YouTopics

08 Mar 2019

Overview

YouTopics allows the user to quickly analyze the relevance of a YouTube video. Given a user-generated list of keywords representing a topic, YouTopics measures the similarity between the user’s topic and a youtube video’s topic.

Motivation

YouTube has a lot of information that can be analyzed with natural language processing thanks to transcripts and auto-generated captions. Despite its popularity, I was unable to find example projects working with this information and so it appears youtube is a largely untouched trove of human communication waiting to be processed.

Final Product

Image test YouTopics was built to be a web app, but the word embeddings file is too large to be hosted by services like Heroku and Google’s app engine. I can host it by opening up an AWS server. If I end up doing so a link will be posted here.

Approach

My idea is to extract a summary of the transcripts or captions and then provide an appropriate topic label. The go-to topic models are LDA - and SVD -.

LDA:

LDA takes a collection of documents and with an assumed number of topics, assumed distribution of topics across documents and assumed distribution of words across topics, generates, based on probability, a collection of words representing topics. Intuitively, given the high variance of topics and distributions across billions of videos, LDA won’t generalize well with so many assumptions.

SVD

I actually really like SVD, which is also known as the fundamental theorem of linear algebra. It’s the base technique for many analytical methods. When applied to NLP it is often referred to as LSA-Latent Semantic Analysis. SVD takes a matrix, in this case, a term by document matrix, and decomposes it into three matrices, a term by topics, topic by topic and topic by doc matrix. Once again, however, the number of topics is guessed or assumed.

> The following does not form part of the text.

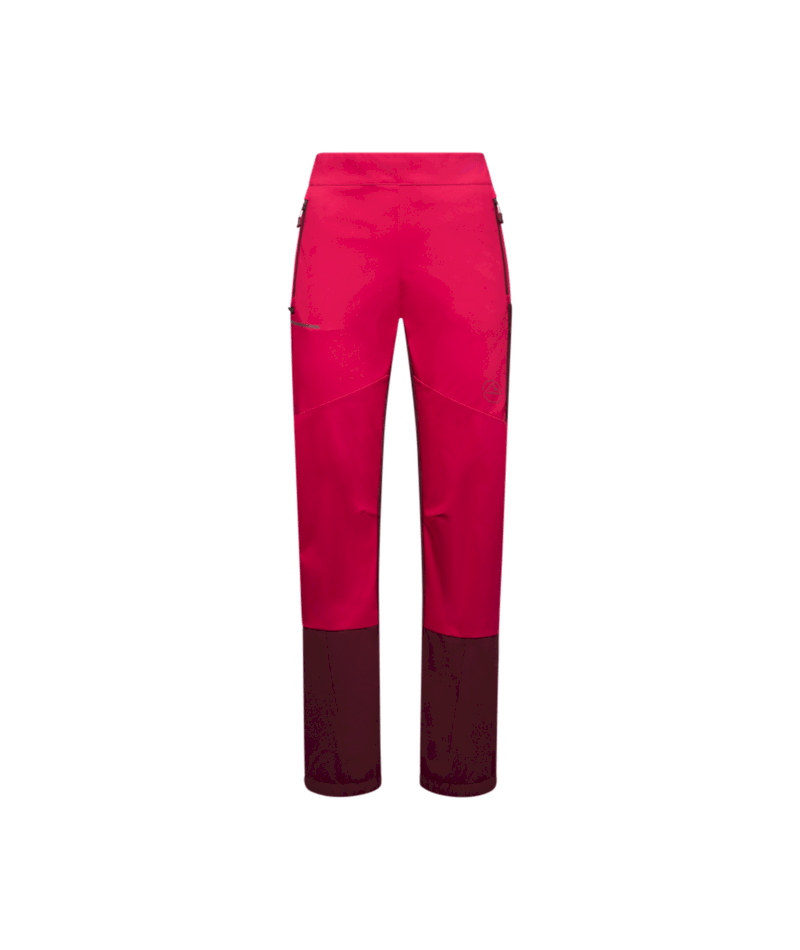 LA SPORTIVA - Ikarus Pant W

Both methods take a sample of documents to generate word lists representing topics. Finding a sample large enough to generalize these models to all of YouTube would be impractical. So, I came up with a different approach.

Considering the outcome of LDA and SVD is just a list of keywords representing a topic and the python library Gensim has a built-in TextRank algorithm that extracts keywords for a given document. I used these keywords to represent topics and I then assign a label based on the similarity of the keywords with pre-established topic keywords. I used pre-trained word vectors to compute this similarity.

Word Vectors

Word2Vec and GLoVe word embedding map words to vector space where the distance between words relates semantic similarity. With Word2Vec, the semantic similarity is computed by taking the parameters from a neural network prediction of surrounding words. GloVe uses a more direct approach, GloVe’s objective is to predict the log probability of word occurrence across the whole corpus. GloVe’s approach produces generally better results than Word2Vec, though it is more difficult to train. Since I am going to using pre-trained models anyway, I decided to use GloVe.

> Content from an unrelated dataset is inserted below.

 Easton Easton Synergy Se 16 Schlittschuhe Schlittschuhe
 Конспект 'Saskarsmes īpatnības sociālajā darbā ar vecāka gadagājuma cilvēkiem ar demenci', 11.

I have determined a method to extract keywords and compare them. The last step is to extract a summary. NLP summary methods are divided into extractive and abstractive methods. Abstraction uses a lot of computing power to make new summary sentences. I prefer the extraction method, which forms summaries by just pulling important sentences from the document. It effectively conveys the same meaning while using less computing power. Gensim has an inbuilt summarizer based on BM25 along with TextRank.

TextRank

Is the same algorithm as PageRank, assigns rank based on the unique number of links. In TextRank, links are words in immediate proximity.

BM25

Ranks sentences based on the inverse frequency and frequency of keywords from TextRank. BM25 is still obscure to me but it seems intuitively linked to the idea information entropy. A sentence value is based not just on the frequency of keywords, but the information value the keywords have in the sentence. Regardless, the results pass the eye test.

The next step is to extract the transcripts from youtube. This can be done through the youtube API. There is always a kind soul in the python communities who will implement a python version of popular API’s. In this case, I found PyTube.

PyTube

Works great. Thanks, stranger.Link to the repo

Future Work

Add a database storage function for user-defined topics. Then apply a database of topics for more robust topic analysis. Add multi-topic analysis functionality.